Using a delay plugin to create a snare pocket
I’ve talked before about playing with timing to create pockets and grooves in programmed rhythmic parts; here’s a fun little trick that you can do on the audio side:
Use a delay plugin to move the snare a little bit back in time!
I like to use modeled digital delay plugins for this. PSP Lexicon 42 and UAD Korg SDD-3000 are favorites; Valhalla Delay and Echoboy would be good too. The PSP and UAD ones I mentioned just seem to crunch up a little bit more in a way that I often like.
I put the delay on the “snare all” bus — this is a bus that I often have for everything snare-related; all audio tracks that are contributing to the sound, all fx returns, etc. I put the Mix to 100% wet, and I set the delay time to 2-4 milliseconds, feedback to 0, and all tone controls off / at default.
And all this does is it delays the snare ever so slightly! That’s it. I used this trick a couple of days ago to move the snare off the kick — when they were hitting at exactly the same time they were making the master bus go splat a little bit. And with the snare a bit delayed, the song got groovier and hit harder. Win/win.
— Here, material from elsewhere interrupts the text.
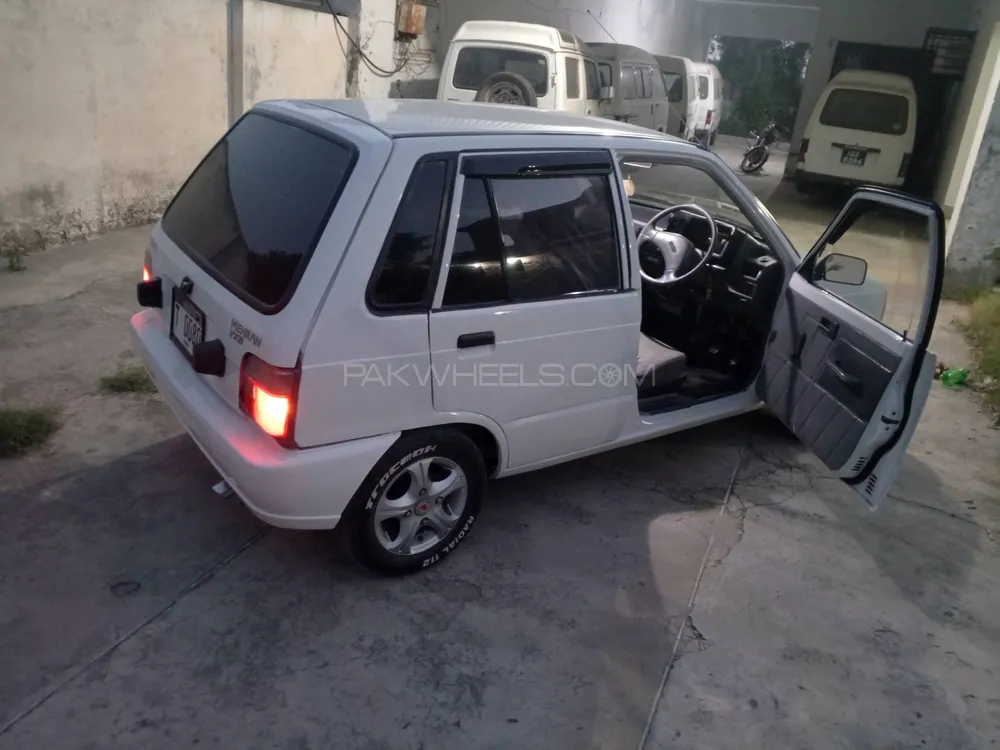Suzuki Mehran 1992 for Sale in Attock Image-1
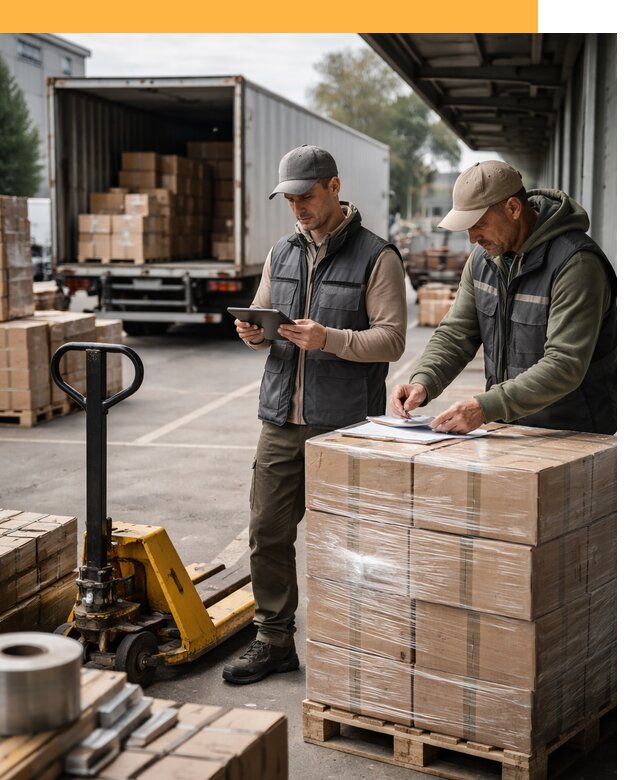 Импортные перевозки грузов с таможенным оформлением от 47399 руб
Also, the snare audio runs through the circuitry of the plugin when you do this, which can change the sound in some cool and subtle ways — more girth, or more edge, or more grit, or a bit thicker, depending on how you’re hitting it. And you can experiment with the tone-shaping knobs too!
I also like to do this on toms, kick, percussion — you name it. If I don’t want the timing to change, I’ll put the delay time to 0 ms so I just get the tone of the box; fx units from the 80s, which is what these are all modeled on, were slightly lo-fi in the best way. Running your audio through them can make your sounds more specific.